New York time of the next Business day after releasing such
incorrect information provided the incorrect NAV as well as the
correct NAV for each day that the error occurred is provided. If
a mistake is caused in supplying such information or
confirmations, which results in a reconciliation with incorrect
information, the amount required to make a Contract owner's or a
participant's account whole shall be borne by the party providing
the incorrect information, regardless of when the error is
corrected.
(h) The Company agrees to purchase and redeem the shares of the Fund
offered by the then current prospectus and statement of additional
information of the Fund in accordance with the provisions of such
prospectus and statement of additional information.
3. FEES.
In consideration of services provided by the Company under this
Agreement, the Fund shall pay fees to the Company as set forth in
Schedule B.
4. EXPENSES.
(a) Except as provided in this Agreement, all expenses incident to
the performance by the Fund under this Agreement shall be paid by
the Fund, including the cost of registration of Fund shares with
the Securities and Exchange Commission (the "SEC") and in states
where required.
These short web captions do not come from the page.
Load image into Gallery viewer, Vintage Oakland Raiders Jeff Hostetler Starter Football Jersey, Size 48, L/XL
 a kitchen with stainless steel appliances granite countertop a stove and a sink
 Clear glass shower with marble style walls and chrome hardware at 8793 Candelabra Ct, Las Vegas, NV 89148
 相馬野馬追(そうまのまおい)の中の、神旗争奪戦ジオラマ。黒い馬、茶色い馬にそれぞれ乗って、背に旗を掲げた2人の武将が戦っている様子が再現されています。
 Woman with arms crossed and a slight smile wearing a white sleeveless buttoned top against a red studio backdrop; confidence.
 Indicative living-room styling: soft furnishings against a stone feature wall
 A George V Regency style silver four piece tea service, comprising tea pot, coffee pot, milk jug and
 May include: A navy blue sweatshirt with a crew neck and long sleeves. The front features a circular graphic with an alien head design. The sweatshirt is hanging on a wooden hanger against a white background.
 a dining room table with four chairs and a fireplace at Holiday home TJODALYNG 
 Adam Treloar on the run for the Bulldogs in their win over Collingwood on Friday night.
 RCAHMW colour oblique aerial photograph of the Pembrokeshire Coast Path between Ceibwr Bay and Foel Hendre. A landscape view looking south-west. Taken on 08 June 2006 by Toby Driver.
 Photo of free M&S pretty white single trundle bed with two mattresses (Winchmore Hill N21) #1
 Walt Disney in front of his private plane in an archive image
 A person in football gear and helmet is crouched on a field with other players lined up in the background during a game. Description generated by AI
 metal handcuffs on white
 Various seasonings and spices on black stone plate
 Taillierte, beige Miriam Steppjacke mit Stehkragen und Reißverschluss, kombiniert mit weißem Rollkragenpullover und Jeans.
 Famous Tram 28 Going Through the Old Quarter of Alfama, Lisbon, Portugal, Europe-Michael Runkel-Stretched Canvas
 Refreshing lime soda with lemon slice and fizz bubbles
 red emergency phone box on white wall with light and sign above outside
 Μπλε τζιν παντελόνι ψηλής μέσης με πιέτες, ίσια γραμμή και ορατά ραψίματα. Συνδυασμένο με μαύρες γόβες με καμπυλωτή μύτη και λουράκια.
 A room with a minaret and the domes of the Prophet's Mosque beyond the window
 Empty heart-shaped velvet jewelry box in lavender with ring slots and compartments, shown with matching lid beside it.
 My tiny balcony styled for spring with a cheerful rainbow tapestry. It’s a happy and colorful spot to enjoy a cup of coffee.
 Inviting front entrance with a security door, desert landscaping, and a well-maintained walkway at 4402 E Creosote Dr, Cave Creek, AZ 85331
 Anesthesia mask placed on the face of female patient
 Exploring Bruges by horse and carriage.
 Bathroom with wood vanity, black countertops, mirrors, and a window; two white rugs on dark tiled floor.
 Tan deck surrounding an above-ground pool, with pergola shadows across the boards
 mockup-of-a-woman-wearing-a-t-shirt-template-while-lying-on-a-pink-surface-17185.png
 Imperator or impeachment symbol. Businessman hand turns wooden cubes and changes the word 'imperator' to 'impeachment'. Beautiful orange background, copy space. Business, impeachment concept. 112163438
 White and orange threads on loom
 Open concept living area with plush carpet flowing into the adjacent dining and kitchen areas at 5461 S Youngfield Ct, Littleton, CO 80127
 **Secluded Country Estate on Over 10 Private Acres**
The Fund shall pay no fee or other compensation
to the Company under this Agreement, and the Company shall pay no
fee or other compensation to the Fund, except as provided herein
and in Schedule B attached hereto and made a part of this
Agreement as may be amended from time to time with the mutual
consent of the parties hereto. All expenses incident to
performance by each party of its respective duties under this
Agreement shall be paid by that party, unless otherwise specified
in this Agreement.
(b) The Fund shall provide to the Company, at the location designated
by the Company, periodic fund reports to shareholders and other
materials that are required by law to be sent to Contract owners
or participants. In addition, the Fund shall provide the Company
with a sufficient quantity of its prospectuses, statements of
additional information and any supplements to any of these
materials to be used in connection with the offerings and
transactions contemplated by this Agreement.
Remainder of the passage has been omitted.